GitHub Repository: jxareas/Machine-Learning-Notebooks
Path: blob/master/3_Unsupervised_Machine_Learning/Week 2. Recommender Systems/C3_W2_RecSysNN_Assignment.ipynb
²⁸²⁶ views

Kernel: Python 3

Practice lab: Deep Learning for Content-Based Filtering

In this exercise, you will implement content-based filtering using a neural network to build a recommender system for movies.

Outline

1 - Packages

We will use familiar packages, NumPy, TensorFlow and helpful routines from scikit-learn. We will also use tabulate to neatly print tables and Pandas to organize tabular data.

In [ ]:

import numpy as np
import numpy.ma as ma
from numpy import genfromtxt
from collections import defaultdict
import pandas as pd
import tensorflow as tf
from tensorflow import keras
from sklearn.preprocessing import StandardScaler, MinMaxScaler
from sklearn.model_selection import train_test_split
import tabulate
from recsysNN_utils import *
pd.set_option("display.precision", 1)

2 - Movie ratings dataset

The data set is derived from the MovieLens ml-latest-small dataset.

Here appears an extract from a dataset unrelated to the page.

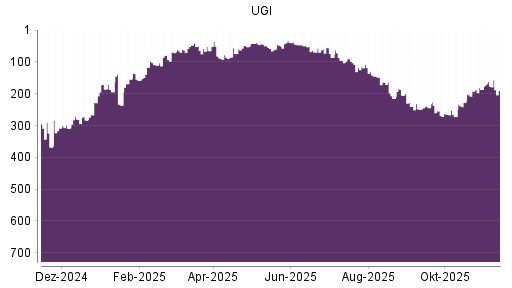 BOTSI®-Advisor Abstufung UGI von Rang 177 auf ...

[F. Maxwell Harper and Joseph A. Konstan. 2015. The MovieLens Datasets: History and Context. ACM Transactions on Interactive Intelligent Systems (TiiS) 5, 4: 19:1–19:19. https://doi.org/10.1145/2827872]

The original dataset has 9000 movies rated by 600 users with ratings on a scale of 0.5 to 5 in 0.5 step increments. The dataset has been reduced in size to focus on movies from the years since 2000 and popular genres. The reduced dataset has $n_u = 395$ users and $n_m= 694$ movies. For each movie, the dataset provides a movie title, release date, and one or more genres. For example "Toy Story 3" was released in 2010 and has several genres: "Adventure|Animation|Children|Comedy|Fantasy|IMAX". This dataset contains little information about users other than their ratings. This dataset is used to create training vectors for the neural networks described below.

2.1 Content-based filtering with a neural network

In the collaborative filtering lab, you generated two vectors, a user vector and an item/movie vector whose dot product would predict a rating. The vectors were derived solely from the ratings.

Content-based filtering also generates a user and movie feature vector but recognizes there may be other information available about the user and/or movie that may improve the prediction. The additional information is provided to a neural network which then generates the user and movie vector as shown below.

The movie content provided to the network is a combination of the original data and some 'engineered features'. Recall the feature engineering discussion and lab from Course 1, Week 2, lab 4. The original features are the year the movie was released and the movie's genre presented as a one-hot vector. There are 14 genres. The engineered feature is an average rating derived from the user ratings. Movies with multiple genre have a training vector per genre.

The user content is composed of only engineered features. A per genre average rating is computed per user. Additionally, a user id, rating count and rating average are available, but are not included in the training or prediction content. They are useful in interpreting data.

The training set consists of all the ratings made by the users in the data set. The user and movie/item vectors are presented to the above network together as a training set. The user vector is the same for all the movies rated by the user.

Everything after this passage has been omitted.